Southwest Georgia farmers breath cautious sigh of relief with reduced chance of heavy wind, rainfall

Sep. 28—LEARY — What a difference a couple of days make. For southwest Georgia farmers, whose memories of the devastation to their crops brought by Hurricane Michael a little less than four years ago remain strikingly vivid, Hurricane Ian initially looked like déjà vu all over again.

Michael barreled through the state on Oct. 10 and 11, 2018, causing estimated damage of more than $2 billion in losses to the state's agricultural industry. Direct losses to farmers and landowners included up to $600 million for cotton, $100 million for pecans, nearly $800 million for row crops, $480 million for timberland and $20 million for peanuts.

"A friend of mine in Louisiana called me yesterday, and he said 'I'm thinking about you,'" Calhoun County farmer Jimmy Webb said. "(For) every farmer, one hurricane in your life is enough."

By mid-week, and with the eastward turn of Ian, things were looking better for area farmers who began picking peanuts in earnest last week and are also looking to start gathering the 2022 cotton crop. The eastward shift of the storm's path drastically reduced the odds of heavy rain and severe winds.

"It looks like where I am is well on the west side," Webb said. "I feel better than I did two days ago. If you've got cotton defoliated and you're east of I-75, you could be in trouble. As long as you're on the west side of the eye, you usually fare better."

As of Tuesday, Webb said he had finished gathering about 40% of his peanut crop.

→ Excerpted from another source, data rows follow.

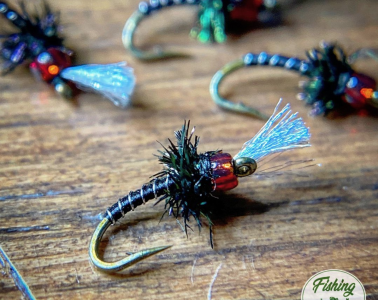 flies for fishing from Fishing the Good Fight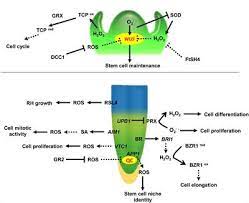 Cellulose can also be converted into cellulosic ethanol. Frontiers Mechanisms Of Ros Regulation Of Plant Development And Stress Responses Plant Science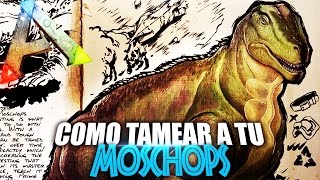 COMO TAMEAR A TU MOSCHOPS  Guia Español  Ark Survival Evolved [upl. by Anerbes]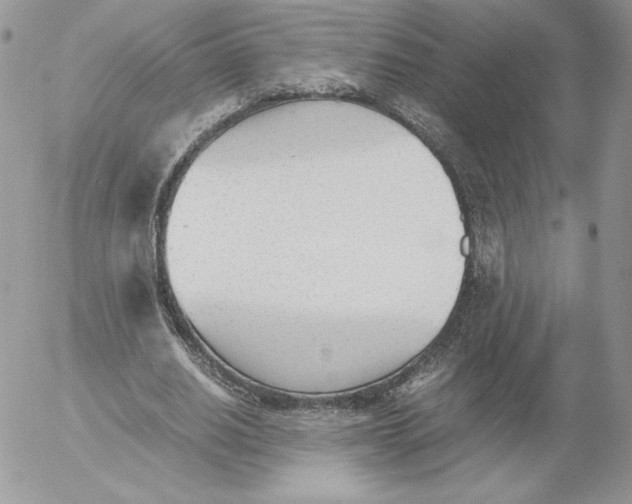 X0000052610630200507221700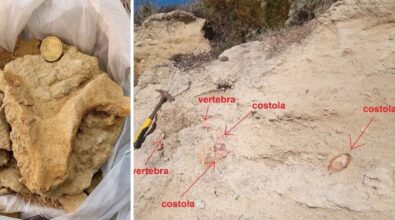 Trovato un fossile risalente a 7 milioni di anni fa tra Santa Domenica e Tropea: è il cranio di un sirenio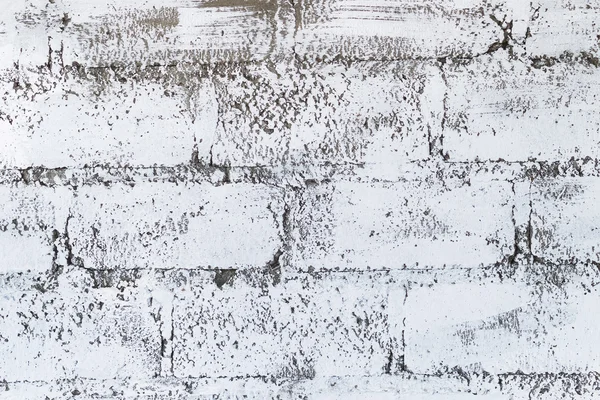 White brick texture background
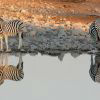 Национален парк Етоша - Намибия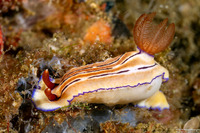 Hypselodoris emma (Emma’s Hypselodoris)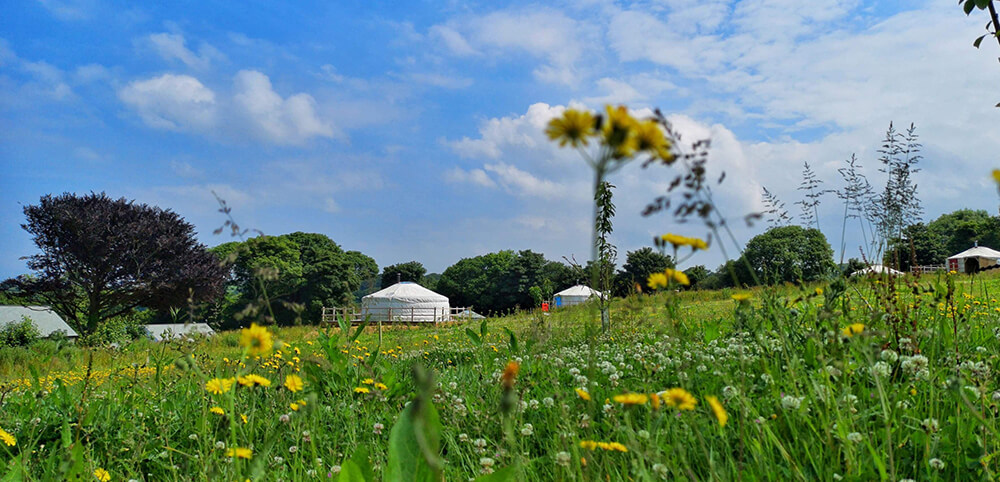 Eco stays: Fir Hill Glamping Yurts, Cornwall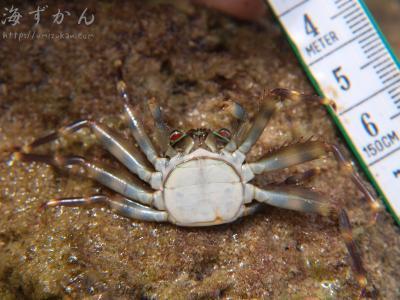 軟甲綱(エビ綱) トゲアシガニ科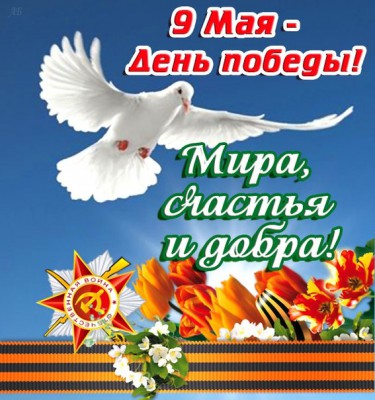 mejbTUo-378.jpg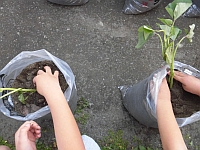 写真:苗を植えている様子
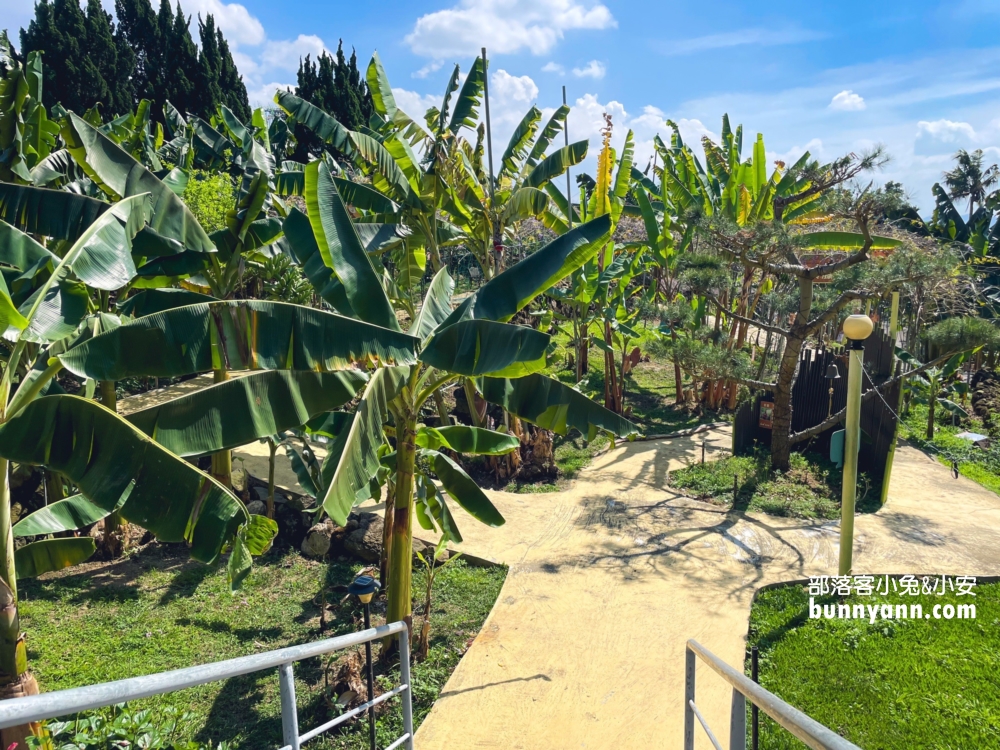 南投jijibanana集元果觀光工廠，好吃好玩免門票的香蕉樂園。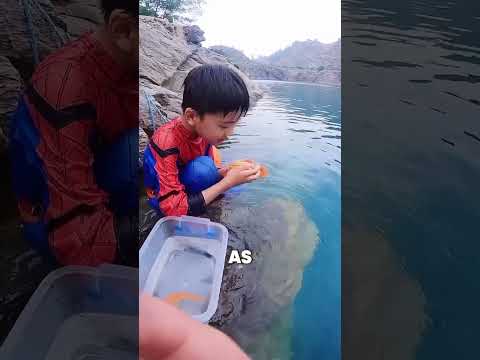This Fish Refused to Say Goodbye! ❤️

"We're going to finish picking today what we had plowed up," he said. "I figure I'm going to wait and see. We're going to take a break and hunker down and see what this thing does."

Area farmers and tropical weather have a relationship of sorts that could best be described as complicated. Some years the storms barge in during the peak of harvest season; in times of drought farmers may pray for a good drenching needed to help produce that year's crops.

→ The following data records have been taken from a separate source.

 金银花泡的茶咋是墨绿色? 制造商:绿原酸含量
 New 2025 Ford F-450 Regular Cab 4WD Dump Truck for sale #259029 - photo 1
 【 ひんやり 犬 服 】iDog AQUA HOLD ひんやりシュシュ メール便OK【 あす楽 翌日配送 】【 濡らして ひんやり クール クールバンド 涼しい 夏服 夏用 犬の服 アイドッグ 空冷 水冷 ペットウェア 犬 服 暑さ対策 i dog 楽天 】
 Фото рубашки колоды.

Rain alone should not be an issue, the veteran farmer said of Ian's predicted impact.

"It's rain and wind," Webb said. "When it rains, that cotton gets heavy. The wind knocks it out of the burr, and you've had it."

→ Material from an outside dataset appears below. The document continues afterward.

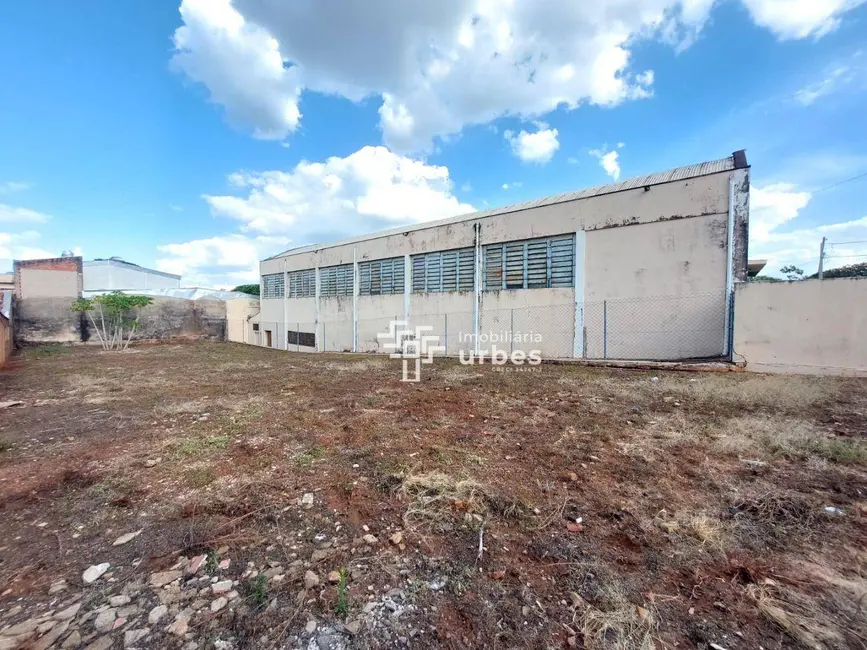 Terreno / Lote para alugar, 468m2 em Vila São Pedro, Americana - SP - imagem 3 Foto 3 de Terreno / Lote para alugar, 468m2 em Vila São Pedro, Americana - SP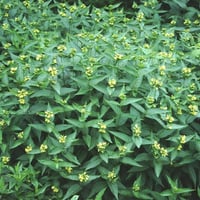 Diervilla sessilifolia Butterfly weigela yapraklı hanımeli fidanı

Heavy rain also could cause some cotton to fall to the ground, bringing a loss in quality, but that's nothing like the worst-case scenario.

Webb's wait-and-see attitude is pretty much all farmers can do at this point.

"Ask me next week what the impacts are, because we're going to be doing assessments," Jeremy Kichler, an agricultural extension agent in Colquitt County, said. "We're going to keep an eye on this and assess any damage."

Wind gusts could cause some damage, but heavy, sustained winds would be much worse, Kichler said.

"I think we feel a lot better than we were when it was moving toward the west," he said of the storm.